Dataset excerpts =
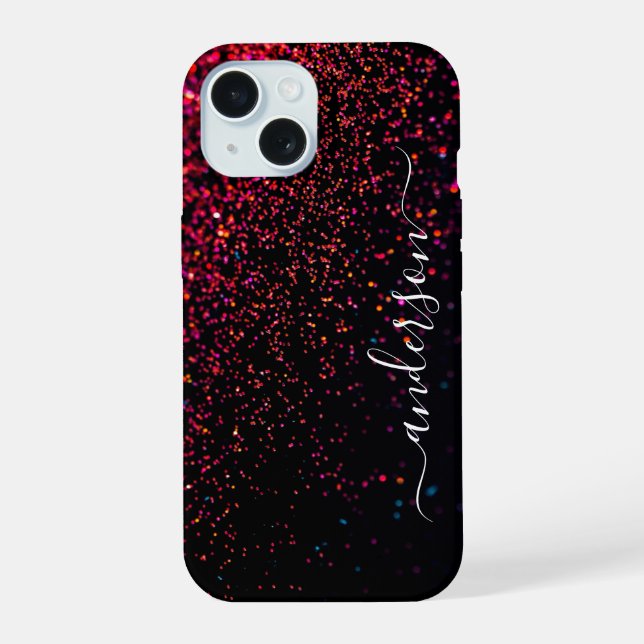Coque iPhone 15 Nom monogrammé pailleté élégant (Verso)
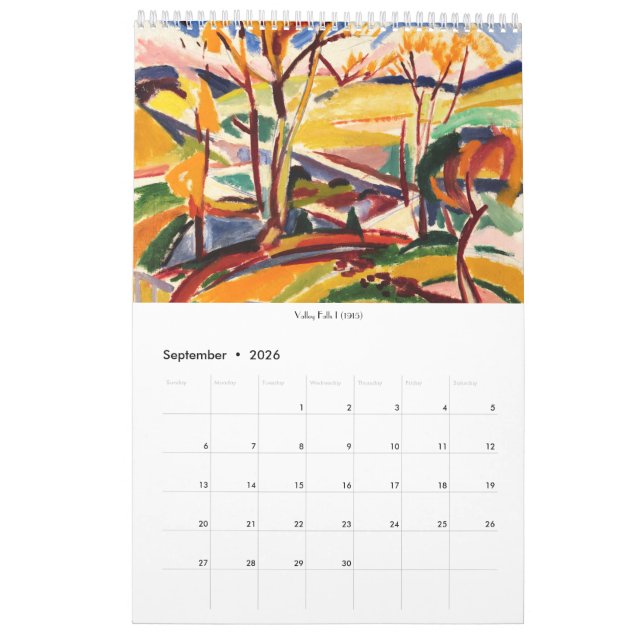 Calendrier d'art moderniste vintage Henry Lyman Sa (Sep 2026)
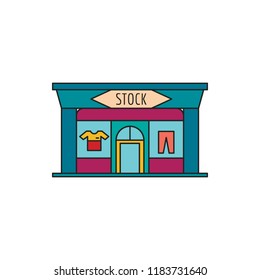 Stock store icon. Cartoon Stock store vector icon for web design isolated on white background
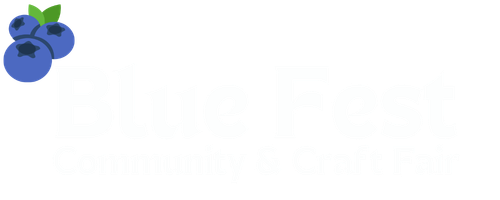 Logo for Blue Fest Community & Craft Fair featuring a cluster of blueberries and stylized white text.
==
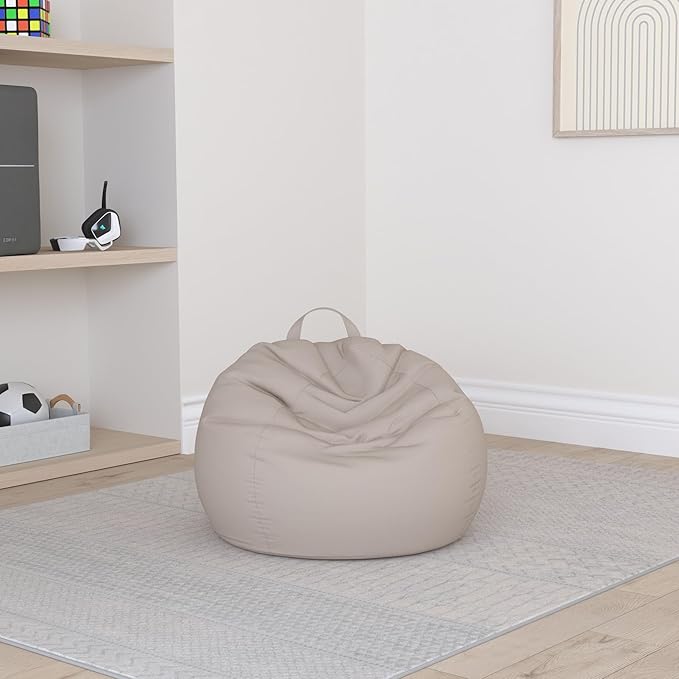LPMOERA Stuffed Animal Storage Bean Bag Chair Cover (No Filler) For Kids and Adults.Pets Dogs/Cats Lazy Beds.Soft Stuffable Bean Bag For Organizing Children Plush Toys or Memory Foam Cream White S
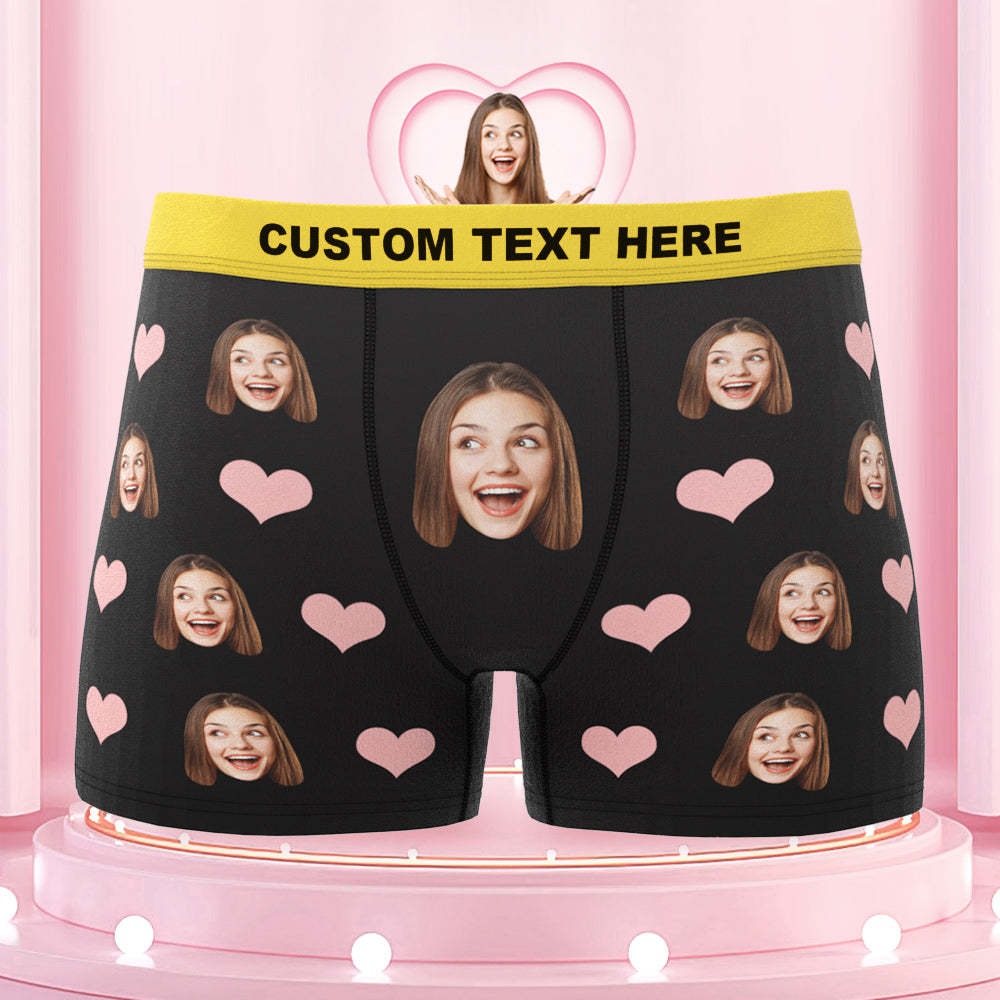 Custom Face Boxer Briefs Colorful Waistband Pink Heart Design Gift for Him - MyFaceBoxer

Problem description =
Reproduce the lines above beginning at the line that contains "LPMOERA Stuffed Animal" and ending at the line that contains "Custom Face Boxer". No pictures.

Exercise result =
LPMOERA Stuffed Animal Storage Bean Bag Chair Cover (No Filler) For Kids and Adults.Pets Dogs/Cats Lazy Beds.Soft Stuffable Bean Bag For Organizing Children Plush Toys or Memory Foam Cream White S
 Custom Face Boxer Briefs Colorful Waistband Pink Heart Design Gift for Him - MyFaceBoxer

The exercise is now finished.